THE DATA START

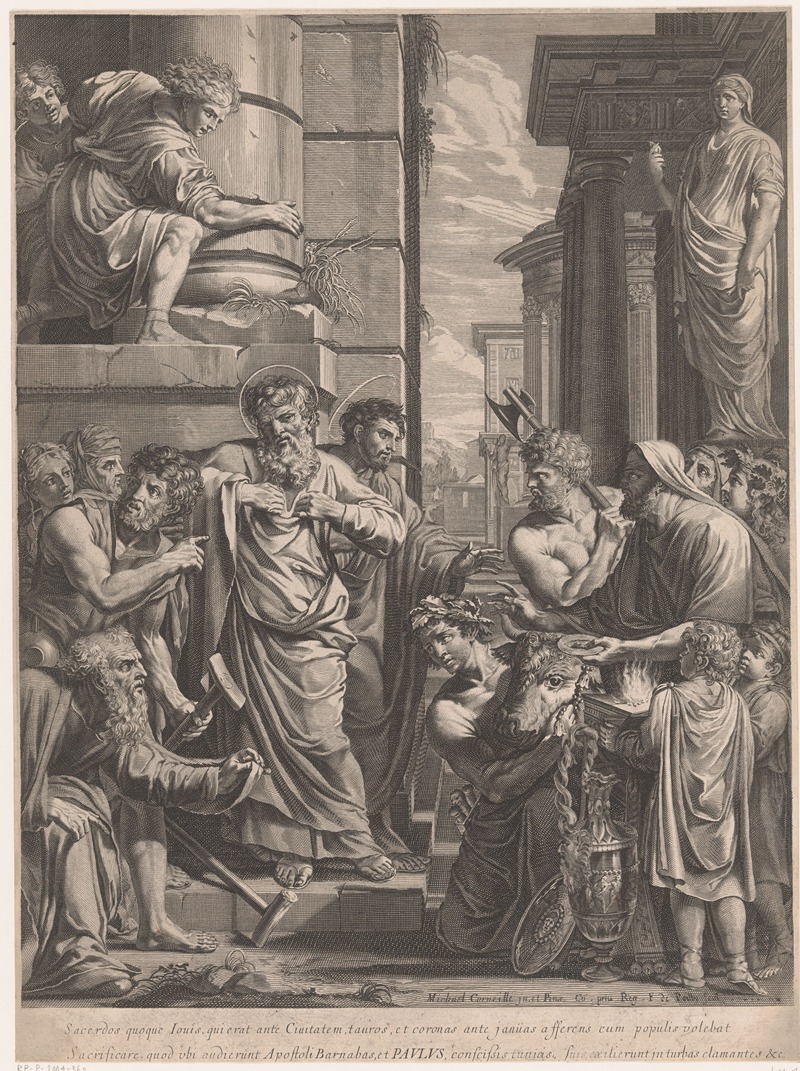 Francois de Poilly - Paul and Barnabas at Lystra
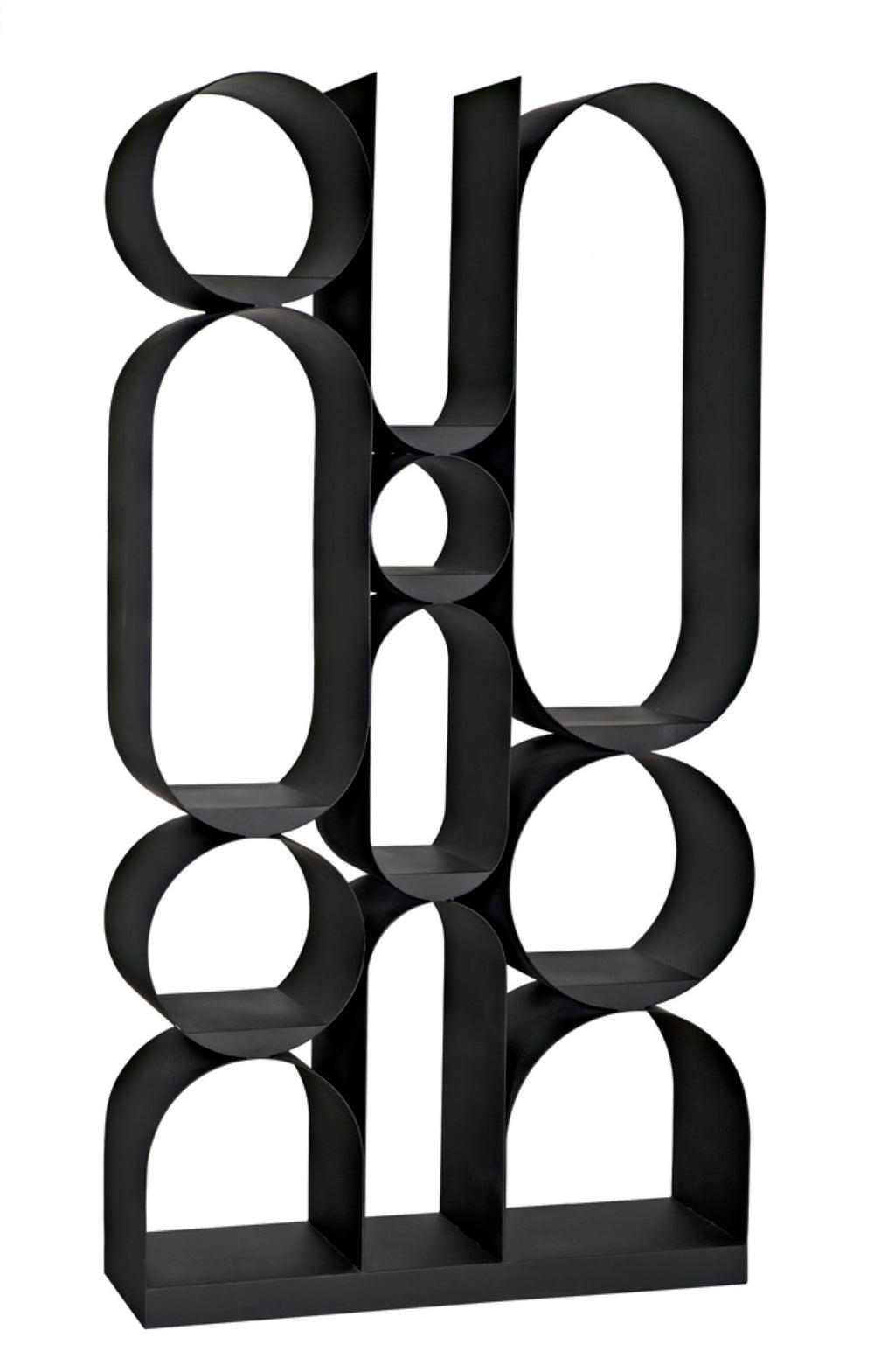 Noir Letty Bookcase – Sleek Iron Storage with Matte Black Finish for Modern Urban Interiors & Décor GBCS252MTB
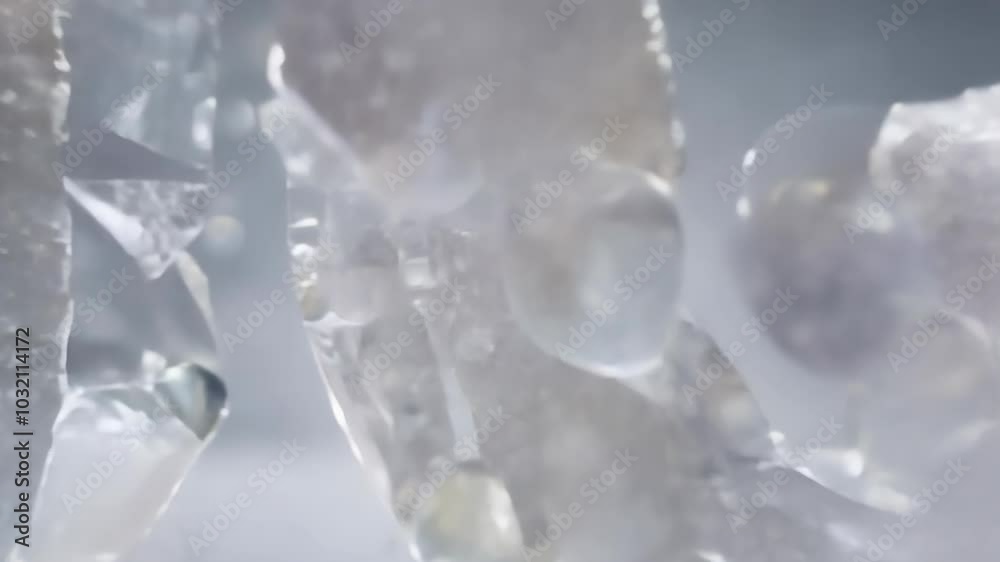 Falling Sugar Granules Forming the Word Sugar on Reflective Surface Falling Sugar Granules Forming the Word Sugar on Reflective Surface
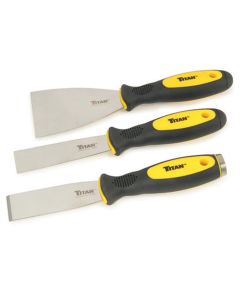 TIT17000 image(0) - TITAN 3-PC ERGONOMIC HANDLE SCRAPER SET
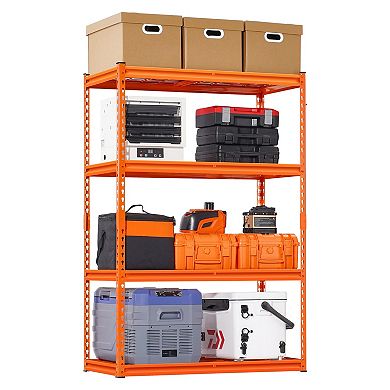 Heavy Duty Garage Shelving 5 Tier Metal Storage Shelf 2000 Lb Capacity
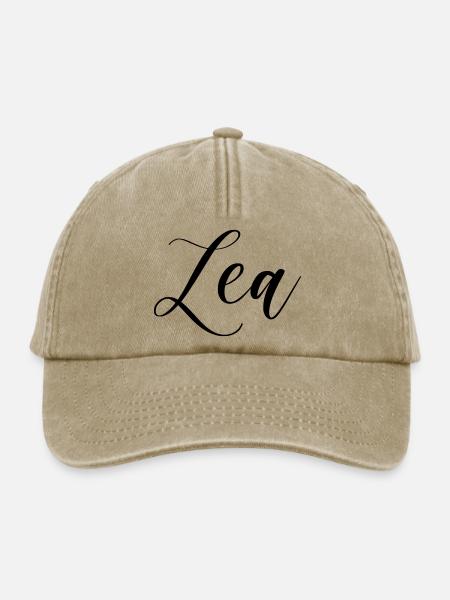 lea name - Relaxed Vintage Cap - Vintage Beige
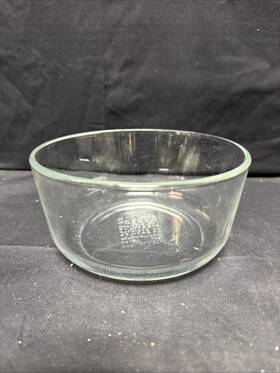 7201 Pyrex 7001 Vintage B 25 4 Cup Clear Glass Mixing Bowl Usa Made Corningware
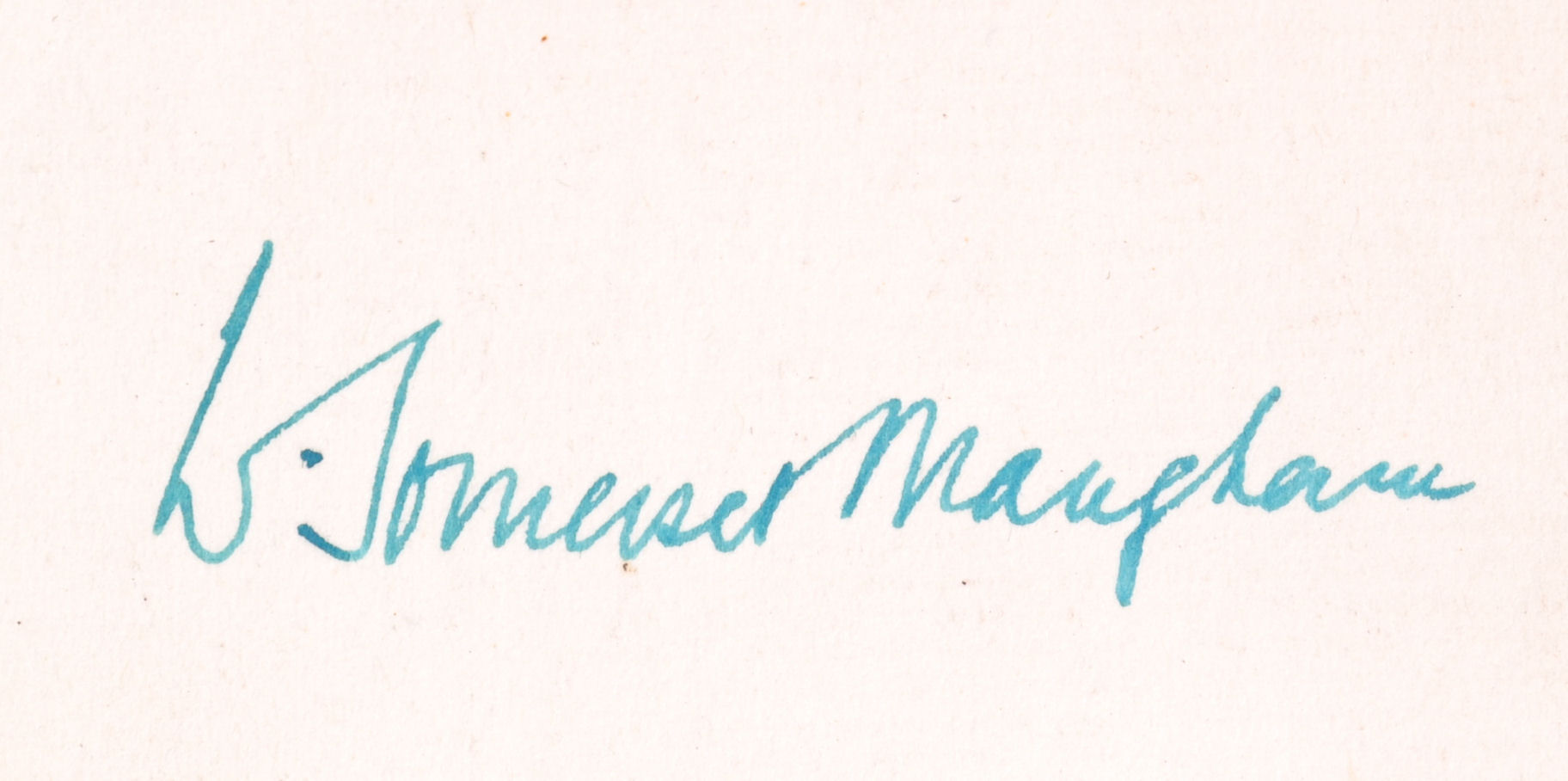 W. SOMERSET MAUGHAM - PLAYWRIGHT - RARE AUTOGRAPH - Image 2 of 4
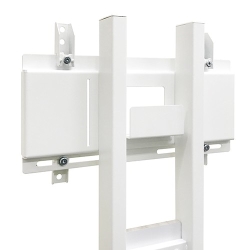 ハヤミ工産 壁寄せテレビスタンド/ホワイト ～43V型対応 KF-240W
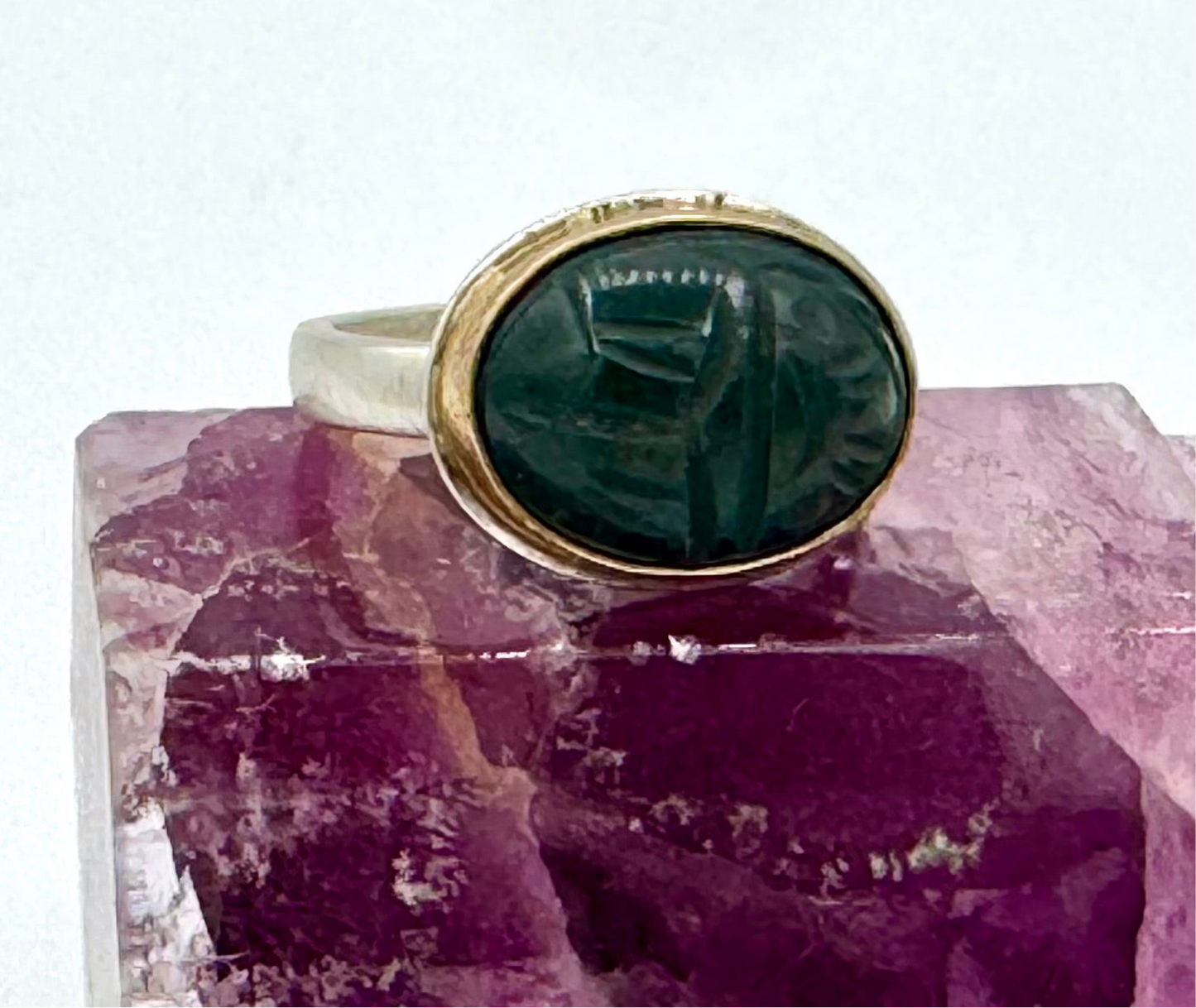 Scarab Ring Sz. 7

THE DATA END

> _INSTRUCTIONS FOR THE TASK_
Using the records above, copy exactly and only the lines from the line with "Heavy Duty Garage" through the end, both included; leave every picture out.

> _TASK OUTPUT_
 Heavy Duty Garage Shelving 5 Tier Metal Storage Shelf 2000 Lb Capacity
 lea name - Relaxed Vintage Cap - Vintage Beige
 7201 Pyrex 7001 Vintage B 25 4 Cup Clear Glass Mixing Bowl Usa Made Corningware
 W. SOMERSET MAUGHAM - PLAYWRIGHT - RARE AUTOGRAPH - Image 2 of 4
 ハヤミ工産 壁寄せテレビスタンド/ホワイト ～43V型対応 KF-240W
 Scarab Ring Sz. 7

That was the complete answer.